Since the reestablishment of relations in 1972, Japanese investments in China have created some five million jobs. Billions of dollars of government aid have flowed from Tokyo to Beijing. At one point, China became Japan's most important trading partner. Every year, hundreds of Japanese businessmen travel to China for exchanges and talks with Chinese officials and political leaders. And not long ago, there was also talk of a free trade agreement.
'No common language'
Political ties, however, have not grown and expanded to the same extent as the economic ties. In their 1978 Peace and Friendship Treaty, the island dispute was pushed aside. "Our generation is not wise enough to find a common language on this question," Deng said at the time, adding the next generation would be wiser.

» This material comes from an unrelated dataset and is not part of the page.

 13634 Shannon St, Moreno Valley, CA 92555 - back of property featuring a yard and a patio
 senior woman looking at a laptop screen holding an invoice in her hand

But that prediction has not come to pass, mainly because the relationship between the two countries has fundamentally changed. Forty years ago, China was a poor, underdeveloped country. Japan could afford to be charitable, despite losing the war. But China's rapid modernization means China is on par with Japan. For the first time in their history, the two sides are major powers at the same time.
"China and Japan have never had this kind of relationship," emphasizes Michael Yahuda, a former professor for international relations at the London School of Economics. There are no historic precedents to fall back on and no institutional avenues to give expression to these ties, he added. "The result is a very uncomfortable relationship," he said.
Imperialism vs. pacifism
Up to modern times, Japan accepted China as the greater center of culture and civilization, said Yahuda. But under Emperor Meiji (1852-1912), Japan modernized so quickly that it defeated China in 1895 in their war over Korea, triggering a feeling of superiority, he noted. Some 40 years later, Japan occupied Manchuria and conquered half of Asia. The Nanking massacre, or the experiments on humans in the secret "Unit 731" of the imperial army illustrated to the Chinese that the Japanese viewed them as inferior.
After losing World War Two, Japan abruptly switched from imperialism to pacifism. The imperial army was transformed into a self-defense force; the constitution prohibited any and all forms of armed aggression. "Even racism was turned off like a water faucet," wrote the US historian John Dower. At the same time, Japan swept its war crimes under the proverbial carpet. Japanese school books called the Nanking massacre a "mishap." The abuse of Korean "comfort women" in brothels for the imperial troops was almost never mentioned.
Shame, not blame
One reason for the silence is cultural: Feelings of shame in Japan are more pronounced than feelings of blame. The second reason has to do with the end of the war. The dropping of atomic bombs on Hiroshima and Nagasaki made it easier for the Japanese to suppress their own crimes.
"In Japan, Nanking is taboo because it disrupts the view many Japanese have that they were not just warmongers but also war victims," explains Japanese author Yoshikazu Kato.
Vis-a-vis its neighbors, Japan has admitted its guilt time and again, but there was only one official apology in 1993, and not all political parties stood firmly behind it. Other countries in Asia have interpreted that as evidence that Japan does not really take its pacifism seriously.
Japanis still stuck in this dilemma today. The rise of China has forced Japan to become more self-assertive, but the pacifism and war blame get in the way. Conservative Japanese, such as the new chairman of the Liberal Democrats Shinzo Abe, are already declaring that there have been enough apologies. Osaka's popular mayor, Toru Hasimoto, has even proposed striking pacifism out of the constitution.
This trend, no doubt, will magnify the concerns of many neighbors that Japan was never serious about its admission of guilt for its aggressions. From the Japanese point of view, however, this is a misconception. This time, in their version of the new historical situation, the imperialism is emanating from China and Japan is just defending itself.